Alla luce di queste considerazioni, appare evidente come l’efficacia delle restrizioni nel resto dell’Occidente sia resa possibile dal fatto che sono in vigore da tempo immemore in società già di per sé più pacifiche: in sostanza, sono utili a scongiurare che l’Europa prenda la pericolosa china degli Stati Uniti, ma non è ragionevole credere che basterebbero a rendere l’America più simile al Vecchio Continente.

A edificare una retorica così naïf contribuisce l’individuazione del nemico oggettivo nella National Rifle Association, organizzazione dei detentori di armi da fuoco considerata una delle più potenti lobby d’America. Una narrazione impostata sulla fantomatica contrapposizione tra Davide (il popolo americano) e Golia (l’interesse organizzato dei produttori di armi), oltre a risultare demagogica, impedisce di prendere atto delle fratture e della polarizzazione in seno alla società statunitense. Dietro la coltre di fumo dello storytelling dei poteri forti che opprimono i cittadini, in fondo, si cela la semplice ma dura realtà di una democrazia rappresentativa che è specchio di un Paese diviso a metà e che, per alcuni versi, non ha ancora sanato i conflitti della Guerra di Secessione e in cui l’unità suggellata dal motto E pluribus unum è solo apparente.

In realtà, il fatto che l’approvazione delle “norme di buon senso” si areni in Senato non è imputabile alle lobby, ma alla composizione del ramo del Congresso in cui gli Stati membri sono rappresentati tutti in egual misura da due senatori, finendo così per favorire le istanze di tanti piccoli Stati di tradizione marcatamente più conservatrice.

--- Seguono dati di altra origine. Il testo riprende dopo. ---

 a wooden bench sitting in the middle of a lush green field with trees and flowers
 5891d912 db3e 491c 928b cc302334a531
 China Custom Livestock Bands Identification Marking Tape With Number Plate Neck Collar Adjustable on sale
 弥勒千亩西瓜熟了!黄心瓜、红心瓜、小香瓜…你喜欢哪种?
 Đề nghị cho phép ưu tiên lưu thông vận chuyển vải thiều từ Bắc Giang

Impedire che il numero di armi detenute da civili potenzialmente pericolosi aumenti è certamente un dovere; illudere una nazione a lutto che ciò possa bastare è semplicemente demagogico e irresponsabile. In quest’ottica, la linea che separa i fautori del gun control dai cosiddetti gun enthusiasts come il governatore texano Greg Abbott appare estremamente sottile. Infatti, per quanto i democratici siano fermamente convinti di sedere dalla parte giusta e morale della storia, nessuno dei due schieramenti, in realtà, sta rendendo un buon servizio al Paese. Per uscire dall’impasse sarebbe forse di aiuto operare un ribaltamento di prospettiva, che prenda atto della dimensione sociale e psicologica della violenza e non tenti di spiegare le stragi a partire dalla legge ma, al contrario, provi a riflettere sul fatto che, in democrazia, una legge non è altro che una fotografia, nel bene e nel male, di una comunità politica, dei suoi valori e disvalori.

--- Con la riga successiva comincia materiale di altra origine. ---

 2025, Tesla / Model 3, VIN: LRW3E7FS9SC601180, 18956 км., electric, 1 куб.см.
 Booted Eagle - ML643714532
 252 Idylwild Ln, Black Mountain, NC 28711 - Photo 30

Quella americana è la fotografia di un Paese che, negli ultimi anni, ha rischiato a più riprese di precipitare in un sanguinoso conflitto razziale e politico, dove le situazioni di marginalità, disoccupazione e degrado sono in costante aumento, mentre la torta del benessere si restringe e sempre più persone rischiano di rimanere senza una fetta.

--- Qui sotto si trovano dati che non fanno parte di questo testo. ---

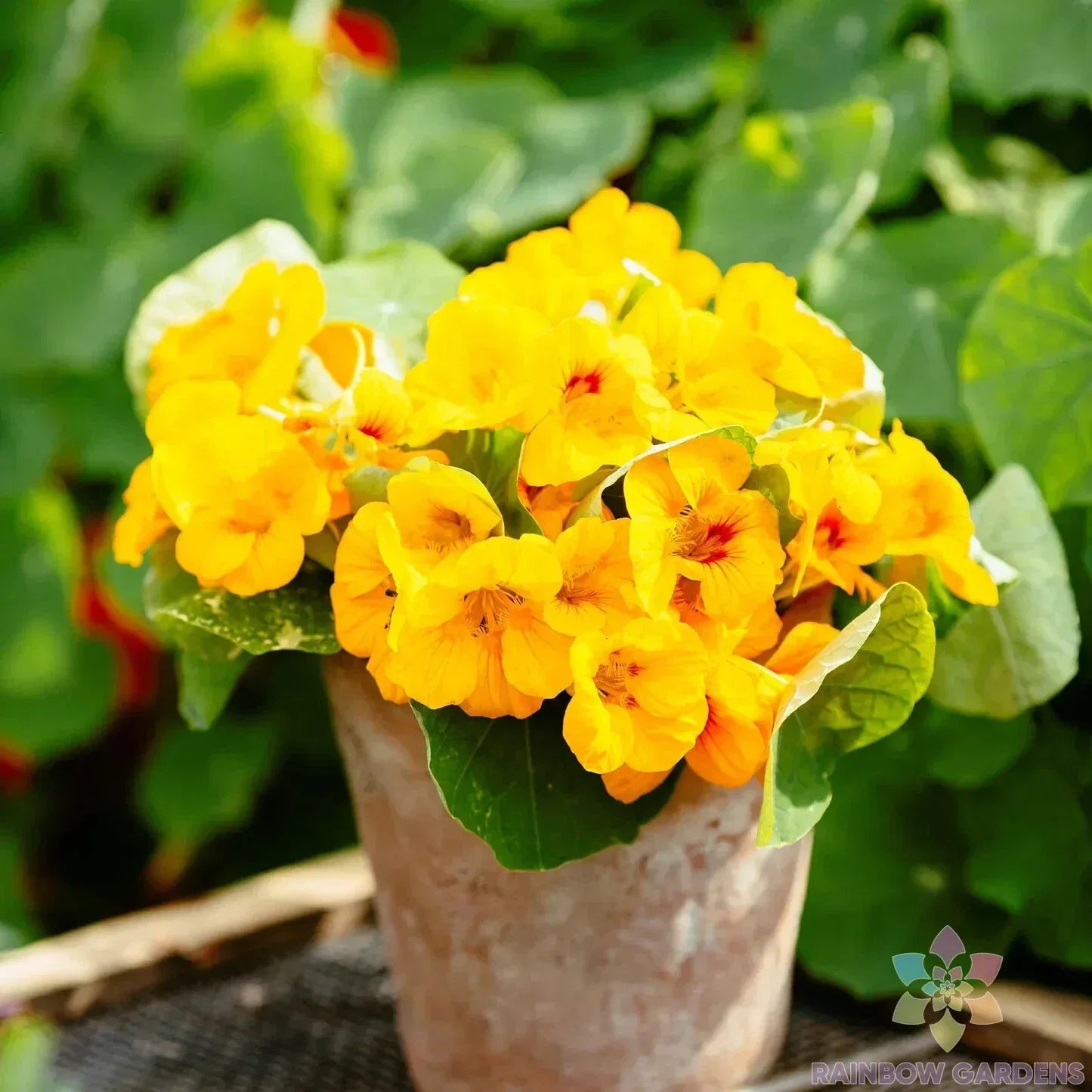 Alaska Gold Nasturtium Seeds - 50+ Tropaeolum majus Annual Flowers for Garden, Containers, Edible, Bright Yellow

Salvador Ramos non era un suprematista bianco, ma un diciottenne di origini messicane, in condizioni economiche precarie, bullizzato a scuola per la balbuzie e l’aspetto fisico, figlio di un padre assente e di una madre tossicodipendente. È anche da questo ritratto che si può cominciare, per tentare di dare una spiegazione all’orrore.